A Dark Night Made Darker Still – or – The Shadows Beckon

The moon had been out and shining over New York City, but soon after leaving the perimeter of the metropolis, Ghost Diver became lost amoung the clouds and the darkness of the night.

He had no need to waste time gathering belongings, seeking out and informing family members, or all the other concerns, trials and tribulations that accompanied moving from one city to another. Such tedium was for the living. No, he departed immediately, and at great speed. Encased in his bubble, the spectre could fly at hundreds of kilometers an hour. Night had not yet passed before he had followed the eastern seaboard to Central City.

The Ghost Diver slowed and surveyed this new city, wherein he would continue to enact his vengeance. It was smaller in size to the one he had just departed, but formidable. The downtown area featured enormous skyscrapers, emblazoned with the names of prosperous technology companies. The east side of the city was full of industrial warehouses, and the city’s harbor. Swaths of urban residential districts and commercial malls stretched out from these workplaces.

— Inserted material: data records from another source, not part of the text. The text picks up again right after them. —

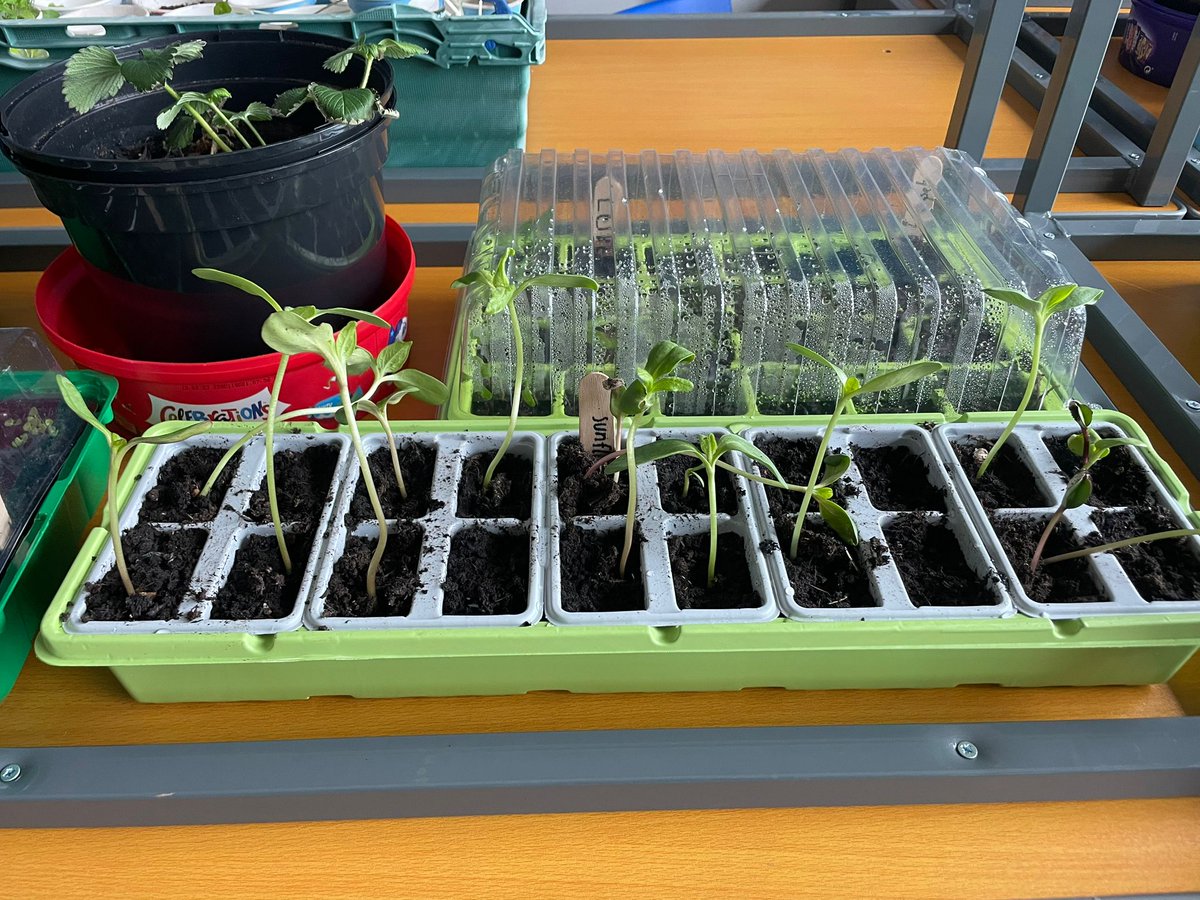 Gnmgreenteam's tweet photo. Easter holidays are always a bit of disruption to our growing seedlings. We have made it easy for the chief hydration technicians &amp; gathered some of the seedlings around the school! @GreenSchoolsIre @AgriAware @giyireland @TramoreEcoGroup https://t.co/hcvMZKrLiJ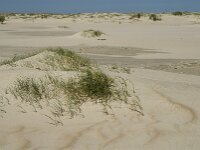 Elymus farctus ssp boreoatlanticus 3, Biestarwegras, Saxifraga-Jan van der Straaten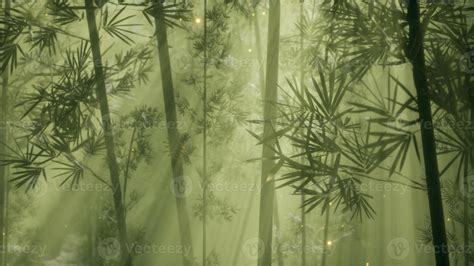 Asian Bamboo Forest With Morning Fog Weather 5846283 Stock Photo At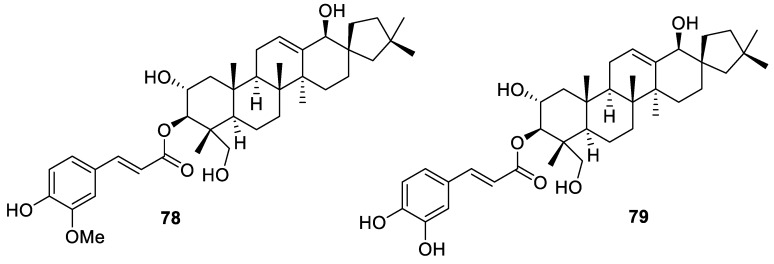 Figure 32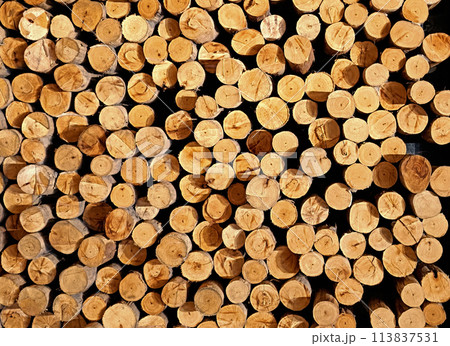 cut log wood for background 113837531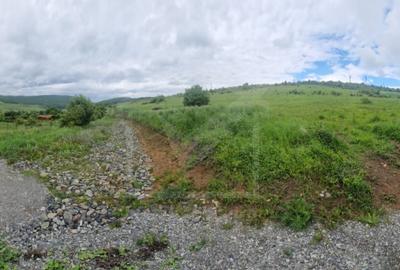 Terenuri de vis în Salicea – Investiția perfectă sau locul ideal pentru casa ta. - 1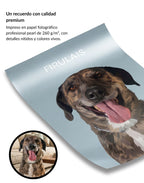 Retrato Personalizado de Mascota Ilustrado a Mano Enmarcado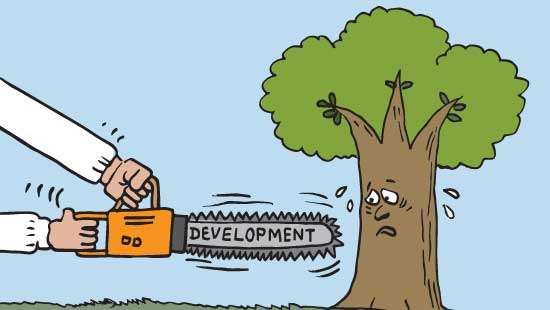 Ecocide in the guise of development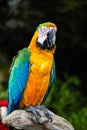 Portrait of colorful Scarlet Macaw parrot against jungle background Royalty Free Stock Photo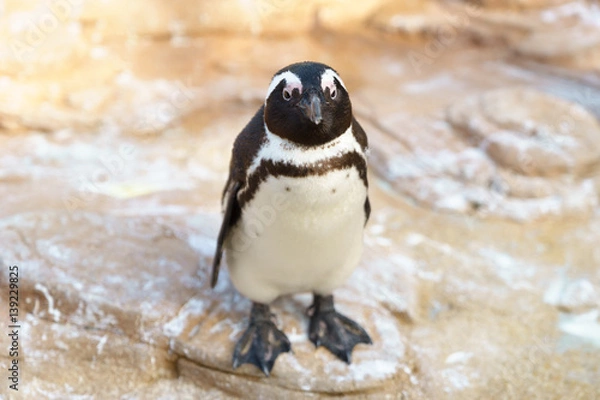 Obraz ケープペンギン　神戸どうぶつ王国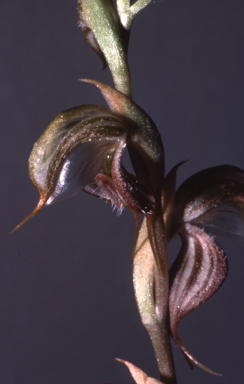 APII jpeg image of Pterostylis ovata  © contact APII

After he had eyed the city to his own satisfaction, the supernatural being decided to investigate the nightlife, and get to the business at hand. Noticing a streetwalker on a lonely downtown corner, he rocketed down next to her. “I seek out evil,” he began, but the instant the woman turned to look at him, she blanched, and, trying to back away, tripped on her heels and tumbled to the concrete sidewalk.

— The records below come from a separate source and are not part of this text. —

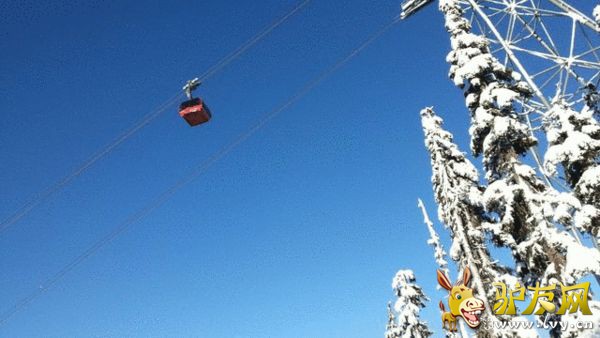 ���ô��ѩ������˸ߴ�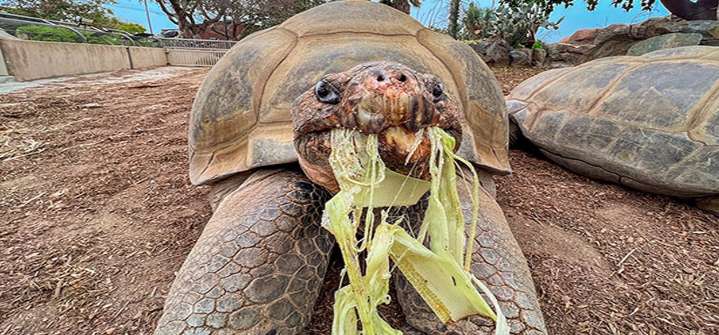 Muere la tortuga Gramma “reina del zoológico” de San Diego a los 141 años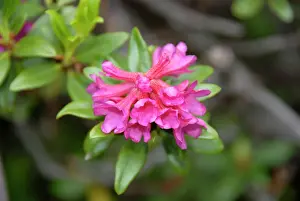Bavaria Prints: Alpenrose, snow-rose, or rusty-leaved alpenrose -Rhododendron ferrugineum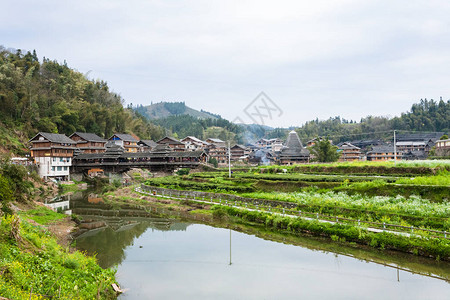 阳逻大桥春季在三江东自治县成阳村的花园和大桥展出背景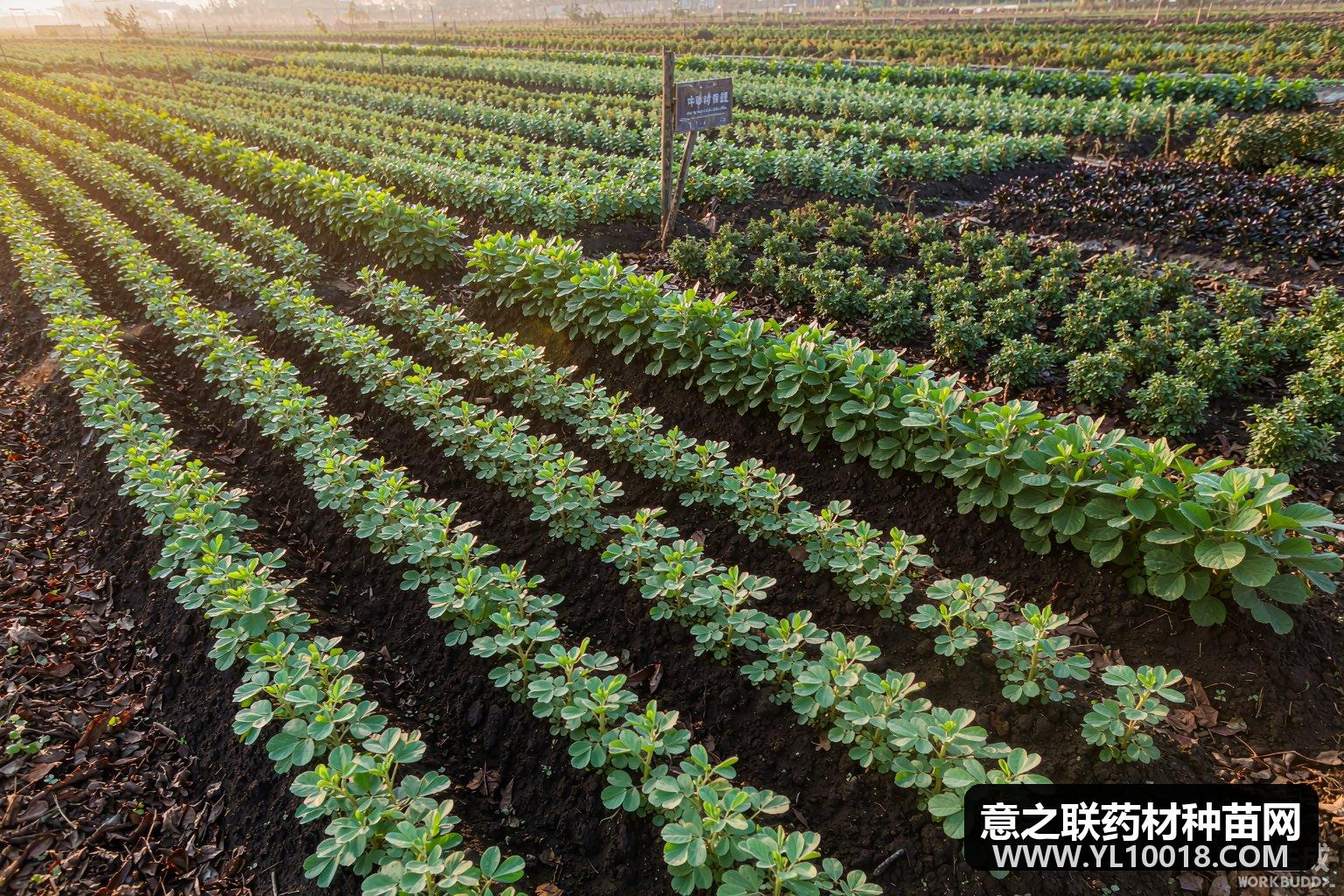 中药材适时采收期判定与产地初加工关键技术(GAP 合规视角)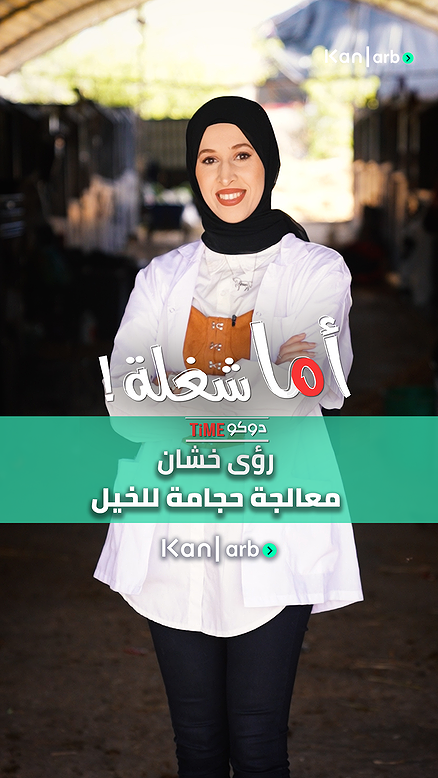 حجامة للخيل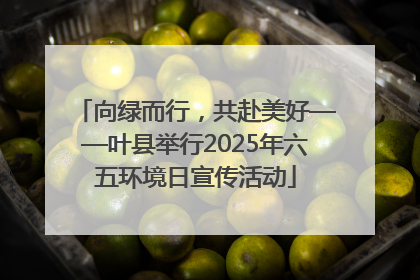 向绿而行，共赴美好——叶县举行2025年六五环境日宣传活动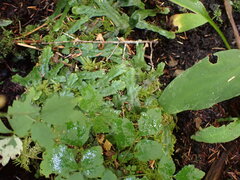 Conocephalum conicum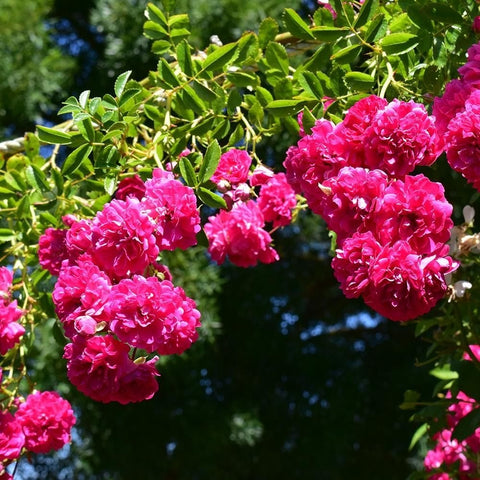 Multiple pink double rose flowers hanging from leafy branches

“Oh god. Oh god please…” She said, eyes wide and filled with terror at the sight of the ghastly being.

You misunderstand, I am vengeance. I do not seek you.” The Ghost Diver floated gently closer, but his words were no use. The woman only tried to squirm back further, only to find her way impeded by a lamppost. “Please…please…please…” she whimpered over and over again, seemingly unable to vocalize anything more significant or louder than that. Tears streamed from her eyes.

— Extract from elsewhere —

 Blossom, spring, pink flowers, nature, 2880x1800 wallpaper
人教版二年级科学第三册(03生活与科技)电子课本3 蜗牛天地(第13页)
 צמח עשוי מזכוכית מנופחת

“Step away from the Lady. Or should I say, float?”

The Ghost Diver turned. He had not heard this man’s approach. He was clad all in black. An armour-plated suit of some kind covered much of his body. His face was masked and goggled.

I seek crime, and punish it.” said Ghost Diver, grinning eerily from beyond his diving helmet. “I wished only to ask this woman where it might be found.

The black-clad man stepped slowly around Ghost Diver, keeping his distance from the bubble around the ethereal being. “Well, it seems to me you might be a mite too terrifying to just stroll up to someone and ask something like that.”

The Ghost Diver paused, watching as the man slowly put himself between the ghost and the girl. “You do not seem shaken,” he observed.

A grin flashed across the masked face. “I don’t scare easy.”

The Ghost Diver paused again, contemplating. “You are Midnight Man?

The grin remained. “I see my reputation precedes me. Yes. Now would you back off and leave this poor woman be?”

Ghost Diver raised a drooping glove, gesturing towards a nearby building. “You will speak with me upon that rooftop.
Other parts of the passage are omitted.